Best practice pathway of care for people with diabetic foot problems. Part 3: The healing foot.

A report from a roundtable discussion held on Sunday 28 January 2007 in London. The meeting was supported by an unrestricted educational grant from KCI Medical.

Over the first two roundtable discussions, published in The Diabetic Foot Journal (Roundtable Discussion, 2006a and 2006b), those present discussed and modified the original pathway of care for the person with diabetic foot problems at the at-risk and pre-ulcerated stages. They proposed a new diabetic foot risk classification system (Appendix 1). The roundtable attendees also devised a pathway of care that included specifying which healthcare professional should be involved in the care of the person with the diabetic foot, what they should be doing and when. This is echoed by the Foot in Diabetes UK (FDUK) group as the basis of its competency document (available from: Diabetes UK, 2006). This in turn has been adopted by various groups, including Diabetes UK, to form the basis of commissioning for diabetic foot services in England and Wales. In this, the third roundtable discussion, those present discussed:

  • the basics of wound care
  • wound assessment
  • infection control
  • off loading
  • how to measure progress
  • the non-healing wound and how to manage it.

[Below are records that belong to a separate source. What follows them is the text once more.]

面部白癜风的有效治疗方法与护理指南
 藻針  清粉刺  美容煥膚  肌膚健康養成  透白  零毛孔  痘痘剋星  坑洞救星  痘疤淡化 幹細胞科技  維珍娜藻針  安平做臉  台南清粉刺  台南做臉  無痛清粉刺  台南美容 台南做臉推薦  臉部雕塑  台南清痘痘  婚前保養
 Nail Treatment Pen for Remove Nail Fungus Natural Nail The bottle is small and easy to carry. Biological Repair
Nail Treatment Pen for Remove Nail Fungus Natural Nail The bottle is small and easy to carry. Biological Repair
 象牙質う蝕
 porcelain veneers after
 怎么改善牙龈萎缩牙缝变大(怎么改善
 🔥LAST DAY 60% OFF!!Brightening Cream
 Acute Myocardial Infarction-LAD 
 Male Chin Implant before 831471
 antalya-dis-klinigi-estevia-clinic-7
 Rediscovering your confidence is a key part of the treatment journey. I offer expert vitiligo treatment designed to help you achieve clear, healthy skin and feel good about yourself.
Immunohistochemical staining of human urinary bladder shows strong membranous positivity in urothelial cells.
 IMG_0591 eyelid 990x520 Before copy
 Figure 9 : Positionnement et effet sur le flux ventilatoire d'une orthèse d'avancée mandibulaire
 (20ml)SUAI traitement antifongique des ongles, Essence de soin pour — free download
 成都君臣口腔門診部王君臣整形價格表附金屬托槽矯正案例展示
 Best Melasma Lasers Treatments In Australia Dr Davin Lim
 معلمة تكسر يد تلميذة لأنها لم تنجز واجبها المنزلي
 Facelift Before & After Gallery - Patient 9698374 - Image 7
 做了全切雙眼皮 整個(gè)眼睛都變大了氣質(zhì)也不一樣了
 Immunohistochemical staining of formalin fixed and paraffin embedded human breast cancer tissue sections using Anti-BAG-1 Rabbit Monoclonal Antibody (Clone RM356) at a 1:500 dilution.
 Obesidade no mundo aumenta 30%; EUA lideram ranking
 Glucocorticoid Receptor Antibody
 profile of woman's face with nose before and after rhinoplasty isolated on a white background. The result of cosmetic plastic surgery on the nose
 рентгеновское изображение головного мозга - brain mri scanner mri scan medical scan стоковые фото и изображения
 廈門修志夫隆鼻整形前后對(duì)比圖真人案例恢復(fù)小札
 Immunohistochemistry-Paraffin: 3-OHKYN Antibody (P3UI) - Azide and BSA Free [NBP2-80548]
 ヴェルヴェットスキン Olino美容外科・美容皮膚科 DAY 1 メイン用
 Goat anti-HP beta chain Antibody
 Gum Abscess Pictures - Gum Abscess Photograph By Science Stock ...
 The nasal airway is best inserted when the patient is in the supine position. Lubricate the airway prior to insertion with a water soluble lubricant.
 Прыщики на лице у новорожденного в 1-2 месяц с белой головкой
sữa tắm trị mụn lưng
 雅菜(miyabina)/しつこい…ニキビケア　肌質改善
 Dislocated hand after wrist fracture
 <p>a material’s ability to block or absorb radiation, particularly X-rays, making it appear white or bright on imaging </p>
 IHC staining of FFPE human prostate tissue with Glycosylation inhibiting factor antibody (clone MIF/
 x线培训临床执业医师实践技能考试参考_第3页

Present at this roundtable discussion were:

  • Paul Chadwick (Principal Podiatrist, Salford)
  • Mike Edmonds (Consultant Physician, London)
  • Joanne McCardle (Podiatrist, Edinburgh)
  • Alistair McInnes (Senior Lecturer, Brighton; Editor of The Diabetic Foot Journal)
  • Duncan Stang (Chief Podiatrist, Lanarkshire; Duncan has recently taken up the post of National Diabetes Foot Coordinator for Scotland)
  • Stella Vig (Vascular Surgeon, London)
  • Lynne Watret (Tissue Viability Nurse, Glasgow)
  • Matthew Young (Consultant Physician, Edinburgh; Associate Editor of The Diabetic Foot Journal; and Chair of this session).

In order to progress the pathway of care, the roundtable attendees had next to discuss the details of the care of the ulcerated diabetic foot. In this session the meeting attendees considered the following details of diabetic foot management.

  • Wound care basics.
  • Wound assessment.
  • Debridement.
  • Infection control.
  • Off-loading.
  • Measuring progress.
  • The non-healing wound and how to manage it.

Wound care basics and assessment
The session began with the question: ‘What needs to be done when someone presents with a diabetic foot ulcer?’ The first things to consider should be what has caused it and, more importantly, how to help heal it. Currently there are two fairly well-used wound management systems: TIME and Applied Wound Management.

TIME
Developed by Smith & Nephew (Hull), TIME is a four-stage process that looks at wound bed preparation:

  • T is for Tissue management;
  • I is for Infection and/or inflammation
  • M is for Moisture balance; and finally
  • E is for Edges of wound – non-advancing or undermined. However, Stella Vig believes that perhaps the ‘E’ should be regarded as Evaluation of healing which reflects the actual care of the diabetic foot ulcer.

Applied Wound Management
Applied Wound Management was developed by Johnson and Johnson Wound Management and consists of three continuums: wound healing; wound infection; and wound exudate.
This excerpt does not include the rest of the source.